To be clear the 0.89% figure was obtained by dividing hospitalizations by population, so it includes many unvaccinated people who have not caught COVID (yet).

The chance that an unvaccinated person who is COVID-positive will require hospitalization is around 3%.

Are these numbers for the US?
Yes. You can do a quick and dirty estimate working backwards from the article's own figure of 2.6 million COVID hospitalizations in the US. If you very generously assume 1/3 of Americans have been infected, you get a hospitalization rate of 2.3%. If you assume the vaccines prevent hospitalizations, then the risk to the unvaccinated must be higher.
I wouldn't call 1/3 "generous". https://covidestim.org/ has some estimates of the fraction of people ever infected by US state. I can't seem to find an US aggregate figure, but by clicking on a few random states they all seem to be at least 50%. California (the most populous state) is around 60% even before omicron.

Your estimate is likely off by a factor of two.

What’s the risk for non-obese people?
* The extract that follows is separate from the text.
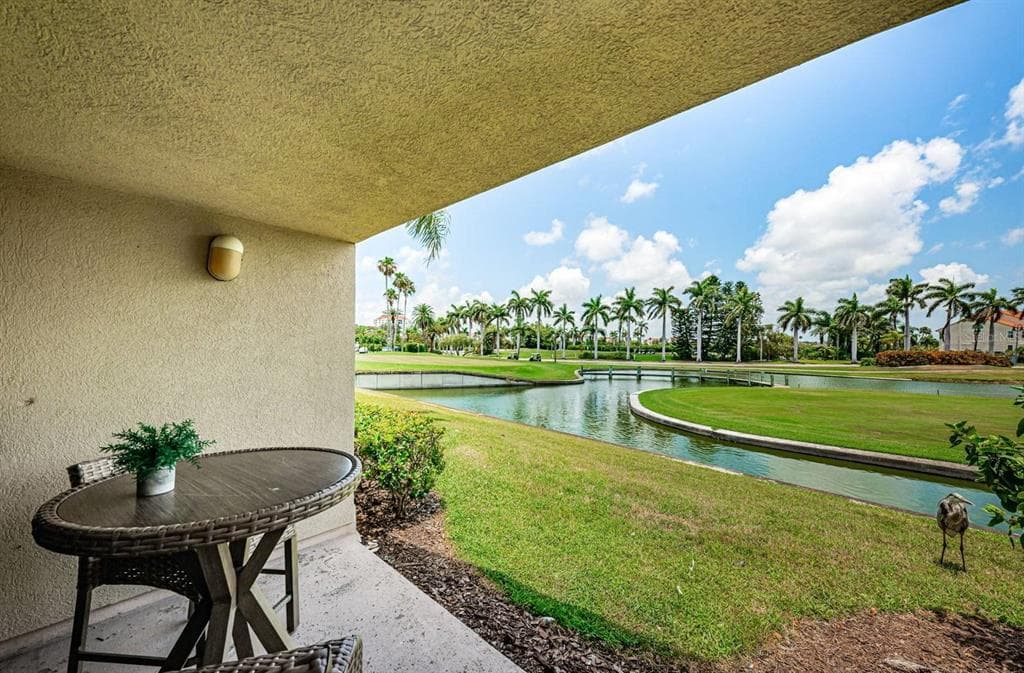 5900 BAHIA DEL MAR CIRCLE UNIT 137 ST PETERSBURG, FL 33715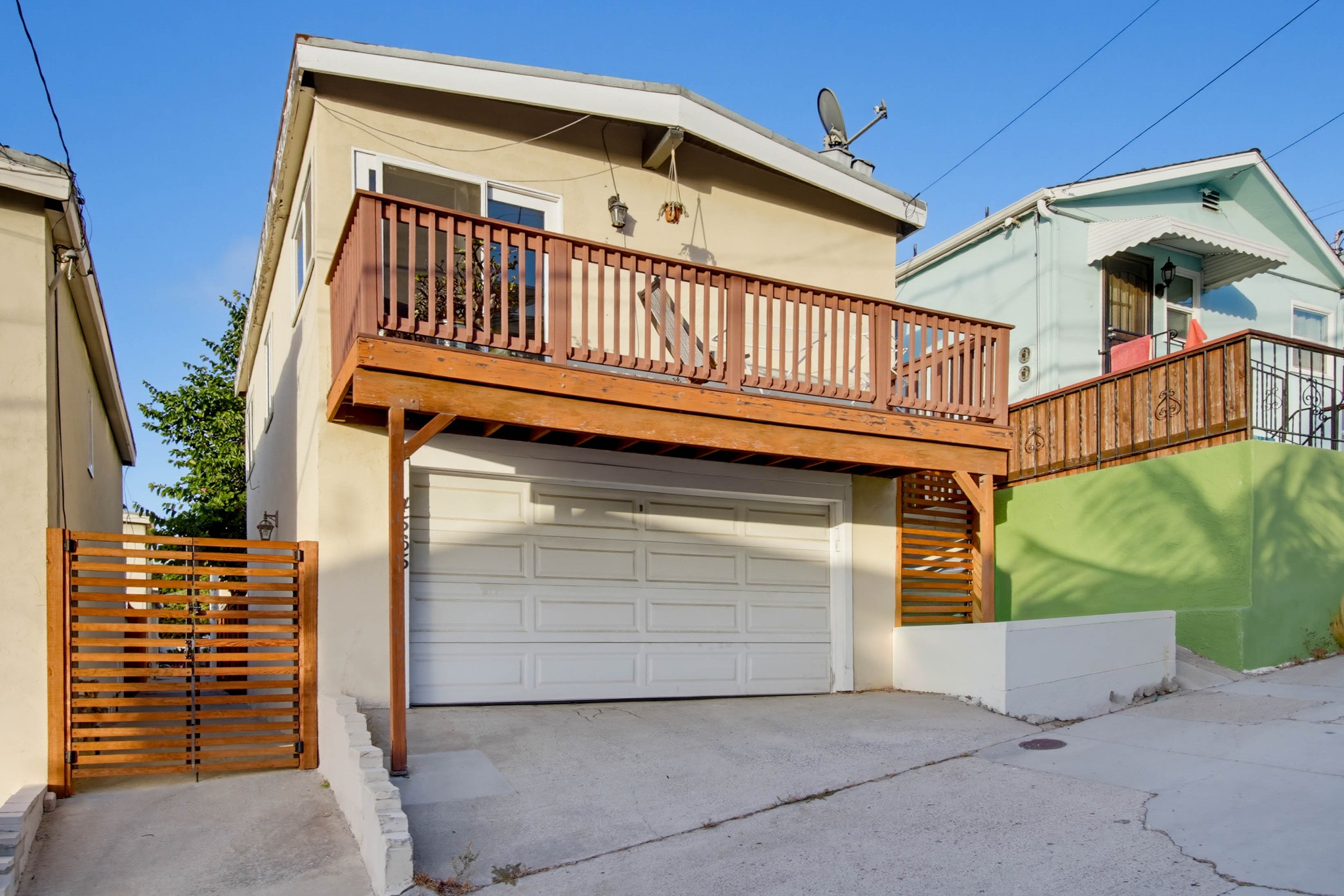 Virtual tour photo 45 of 61 for 4565 Narragansett Ave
Not that obese people should be considered less healthy, just curious because much of America, outside of San Francisco, is obese.
But they are obviously less healthy?
Others have called out various bits of misinformation/lies in your post but I'll call out another.

We vaccinate children against a wide variety of things on a routine basis and a pre-requisite for attending school, and the covid vaccine is literally no more risky than those, and they aren't risky. It honestly feels straight anti-vax to make up lies calling it unnecessary and risky, especially with our health care systems once again succumbing to mainly unvaccinated covid idiots.
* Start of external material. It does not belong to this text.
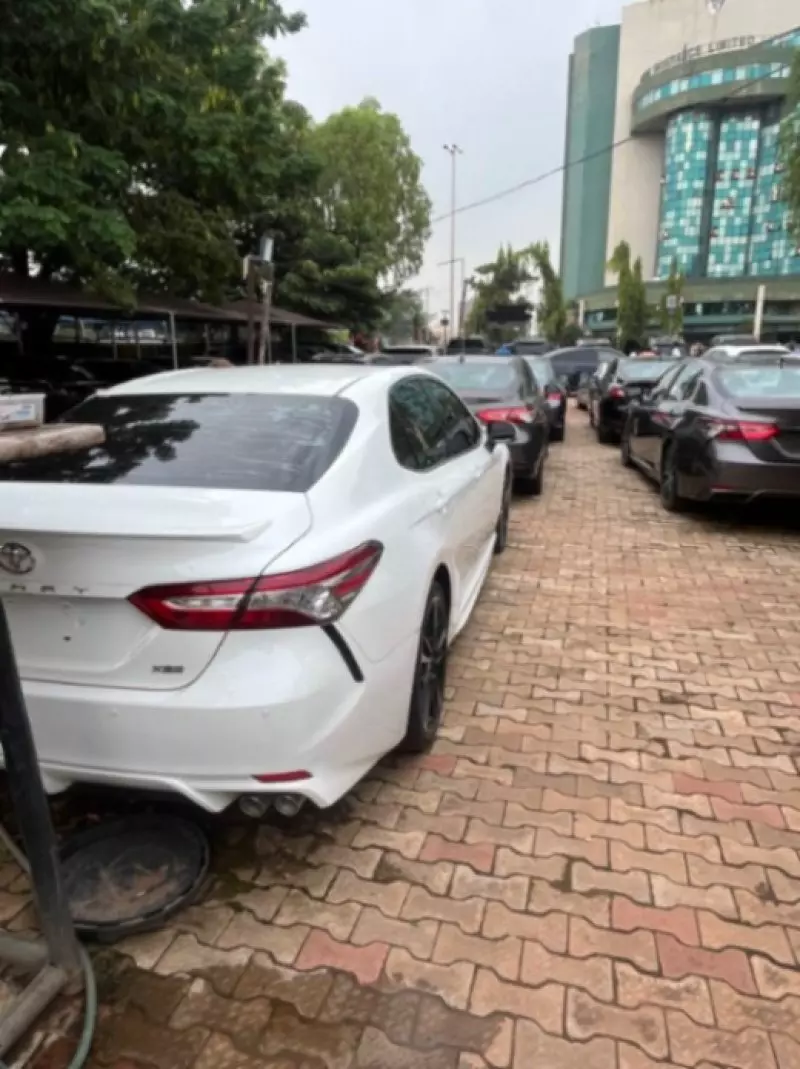 TOYOTA Camry   - 2018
> It honestly feels straight anti-vax to make up lies calling it unnecessary and risky ...

I suggest that we charitably assume that everyone here is discussing in good faith. Otherwise it's hard to have productive arguments on contentious topics.

At what point do you stop assuming people are arguing in good faith? Because it seems unbelievable that everyone is.
I don't have a great answer. But I'm guessing that typically we'll have better discussions if we set a high bar for assuming bad intent.
While I agree it's a good default to assume good faith, there has to be a point where we assume a specific person is arguing in bad faith. I'm not advocating assuming everyone who disagrees with me is disingenuous, but merely that it seems some people are.
How many other medications do you take, or more specifically _require your children to take_ that:

1. were invented 18 months ago, have been available for only a year, and were hurried through the FDA's processes

2. underwent limited clinical trials

3. the manufacturers and providers are immune from lawsuits

4. the effectiveness was cited as 95% 8 months ago, but has proven to be much less.

...

I'm betting that the number is 0.

One has to admit, these vaccines and their rollout is all very unusual and against normal order. People having hesitation and skepticism is actually very healthy.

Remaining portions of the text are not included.